# how much fuel do you use???



## ajslands (Sep 3, 2009)

i just filled my tank up yeterday and salte and plowed today, about 1" 1/2 it finished the day with a quater tank. but was wondering what normal usage of fuel would be, like how much fuel you guys use for a single storm, 




i have a f-250 turbo and get about 15 highway and 12 city, but i havent had a decent snowfall to calcuate my mpgs while plowing....

so how much fuel do you use for one storm


----------



## cretebaby (Aug 23, 2008)

MPG doesn't really tell you anything for plowing.

How about GPH?

I use about 2 gallons an hour.


----------



## SuperdutyShane (Mar 6, 2009)

cretebaby;930990 said:


> MPG doesn't really tell you anything for plowing.
> 
> How about GPH?
> 
> I use about 2 gallons an hour.


Or hours per tank.


----------



## cretebaby (Aug 23, 2008)

SuperdutyShane;931002 said:


> Or hours per tank.


Doesn't tell you much since tank size varies.


----------



## SuperdutyShane (Mar 6, 2009)

cretebaby;931006 said:


> Doesn't tell you much since tank size varies.


Well thats true.
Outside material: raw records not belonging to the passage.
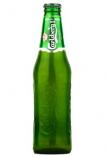 Carlsberg Beer Bottles 0 (667)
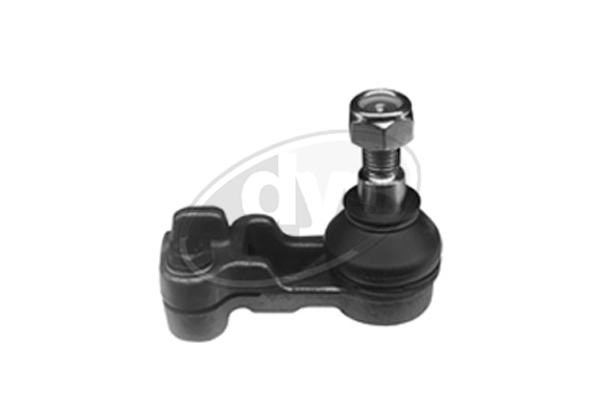 Tie Rod End (22-01726-1)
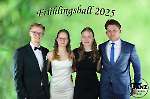 Frühlingsball 05.04.2025_28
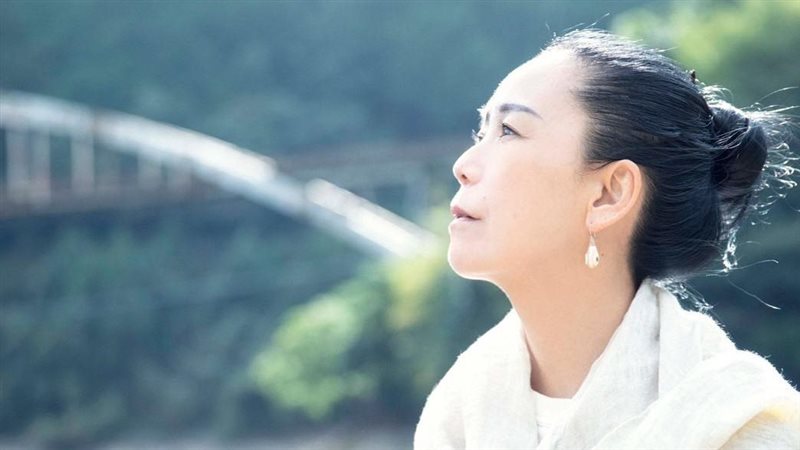"القاهرة السينمائي" يختار ناعومي رئيسا للجنة تحكيم الدورة الـ44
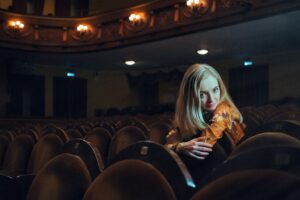 Chiude il cinema Odeon di Milano, cala il sipario su un luogo ricco di storia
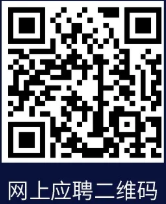 浏览器打开49图库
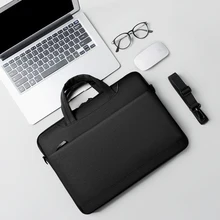 Laptop Shoulder Bag For Lenovo Flex 2/14/chromebook S330/Ideapad 320s/330s/510/520/530/710S Yoga C930 920 910 Notebook Bags Case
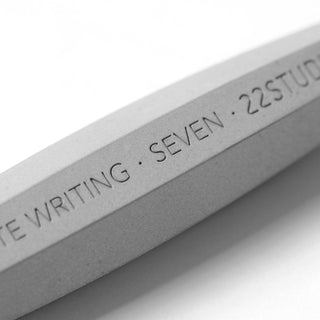 22STUDIO - Seven Sketch Pencil - KOHEZI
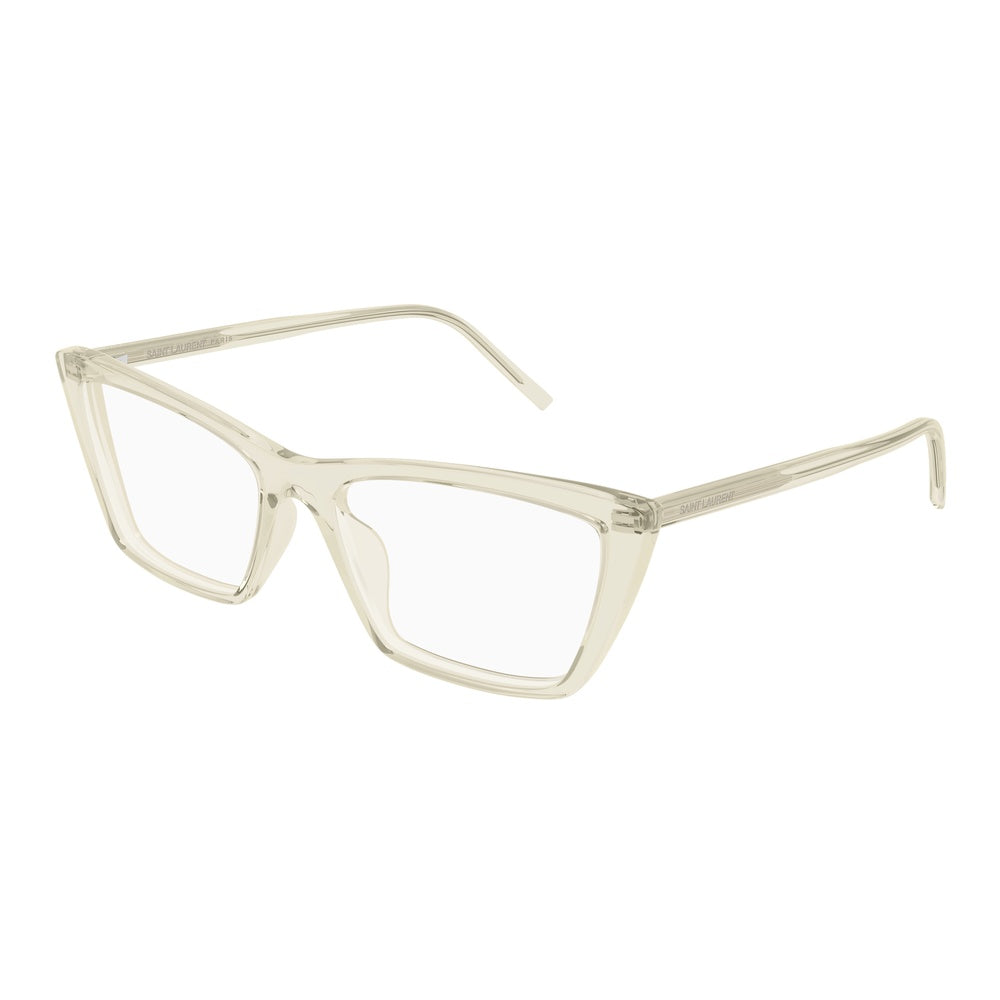 GAFAS DE VISTA SAINT LAURENT SL 737 MICA THIN OPT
But I look at it as hours per tank doing residentials, in just my neighborhood and a couple surrounding ones.


----------



## PowerWagon (Aug 31, 2006)

with this OLD TRUCK. I would say TOO MCUH!


----------



## vamootsman (Oct 5, 2008)

13 hours of plowing, and a bunch of running around, and the truck idling while doing 3-4 hours of shoveling and blower work, 25 gallons.


----------



## overtime (Nov 5, 2009)

I used 13 gallons about. Plowed 2 times witrh that and drove around a bit


----------



## fatheadon1 (Dec 27, 2007)

05 f250 diesel 24-30 hours on a 29 gal tank. i start it when i get called in and WILL not shut it off till im done, so some of that is idling


----------



## Kubota 8540 (Sep 25, 2009)

1 Ton Chevy gas about 2-2.5 gallons per hour
Kubota Diesel about 3/4-1 gallon per hour


----------



## blk90s13 (Sep 1, 2005)

10 hours of idle + 17 hours of plowing used 3/4 a tank gotta love the cummins

should add I drive to and from the site 80 miles round trip with the plow on


----------



## rob_cook2001 (Nov 15, 2008)

My bobcat s300 uses about 1.6gph our 09 6.4 ford uses about 3.5gph! We need to take that DPF off soon lol


----------



## jzeller4 (Oct 2, 2008)

i went through 10 gal just to salt a lot today, its about 76 mile round trip. this s*** sucks.


----------



## Mark13 (Dec 3, 2006)

I havn't kept track in a while. I'd have to guess 2-2.5 gph for my truck.


----------



## buckwheat_la (Oct 11, 2009)

this is a really silly thread !!!

my skidsteers use between 1.5-2 gph, my loader uses about 1gph

all these depend on how long they are left idling, how cold it is, how hard they are working, etc


----------



## REAPER (Nov 23, 2004)

Average is about 3 gal per hour. Depends on how much salt I have in back. How cold it is. How heavy the snow is. 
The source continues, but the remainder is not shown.